I have searched for some similar questions like'equivalent R function rep in Python'.
In R,rep can be used to an array or a dataframe and you can set the parameter each
to specify whether you want to repeat every element or repeat the whole list/dataframe.
But in Python, you have to distinguish between array and dataframe.
For an array, np.repeat
will repeat each element and np.tile
repeat the whole array .
x=['a','b']
np.repeat(x,2)#repeat each element twice
Out[85]: array(['a', 'a', 'b', 'b'], dtype='<U1')
np.tile(x,2)#repeat the whole array twice
Out[86]: array(['a', 'b', 'a', 'b'], dtype='<U1')
For a Pandas dataframe. pd.concat
can be used to repeat the whole dataframe:
d=pd.DataFrame({'x':['a','b'],'y':['c','d']})
d
Out[94]:
x y
0 a c
1 b d
pd.concat([d]*2)
Out[93]:
x y
0 a c
1 b d
0 a c
1 b d
My question is how to repeat each row in a pandas dataframe rather repeat it as a whole.
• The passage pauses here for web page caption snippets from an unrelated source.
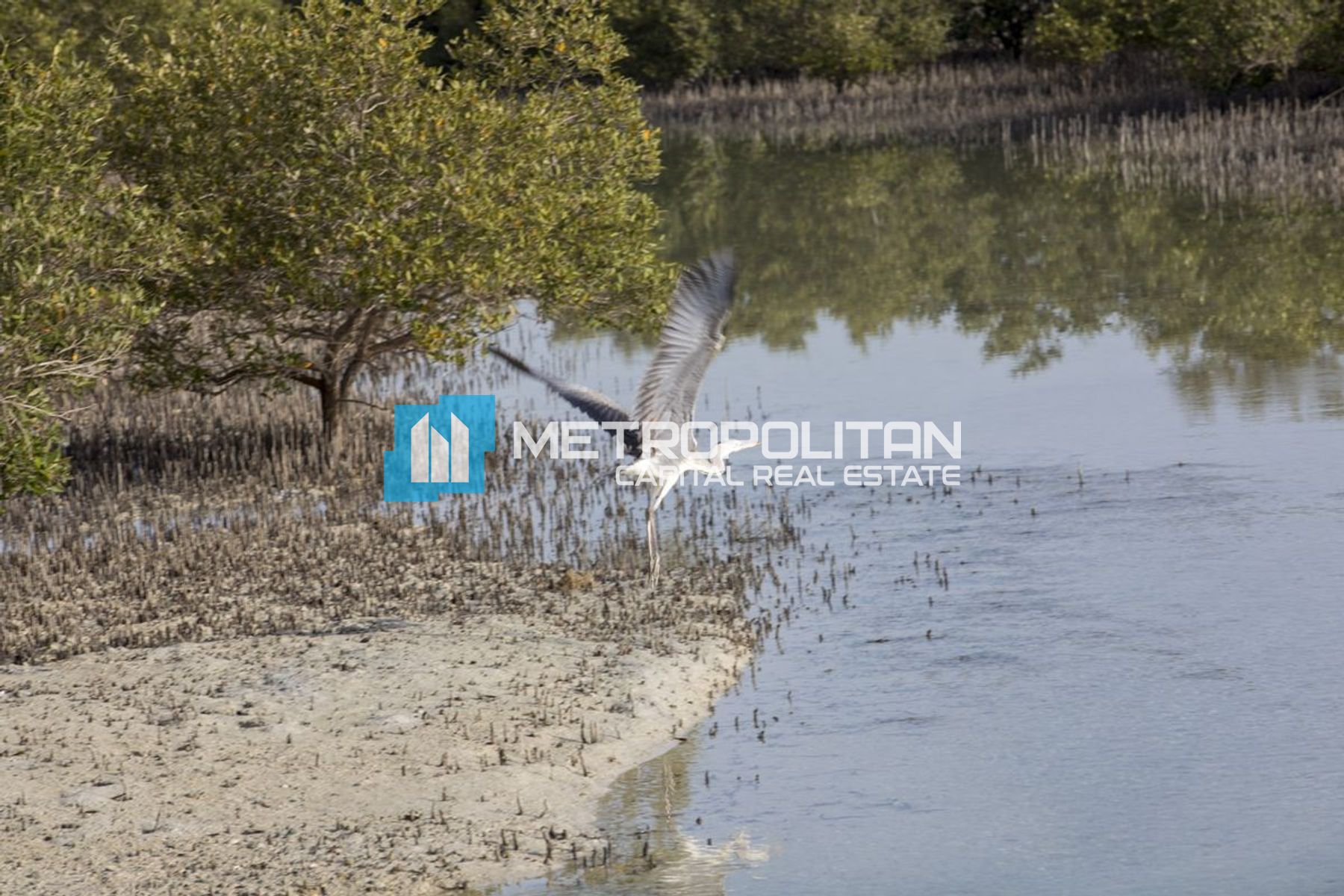 Single Row | Negotiable | Big Plot |Prime Location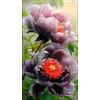 Sfdytg Bellissimo Peonia, Perenne, Resistente - Giardini e Balconi, Adatta ai principianti-2bulbi-J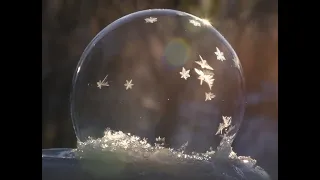 Frozen Ice Bubbles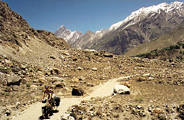 W Himalajach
The result I want is:
x y
a c
a c
b d
b d
Anyway, I wish there is a function in Python like'rep' which can be used to both list and dataframe , and also can specify repeat as a whole or repeat each element.
In pandas
you can using reindex
with np.repeat
d.reindex(np.repeat(df.index.values,2))
x y
0 a c
0 a c
1 b d
1 b d
Or re-build your dataframe
pd.DataFrame(np.repeat(d.values,2,axis=0),columns=d.columns)
x y
0 a c
1 a c
2 b d
3 b d
Also concat
wih sort_index
pd.concat([d]*2).sort_index()
x y
0 a c
0 a c
1 b d
1 b d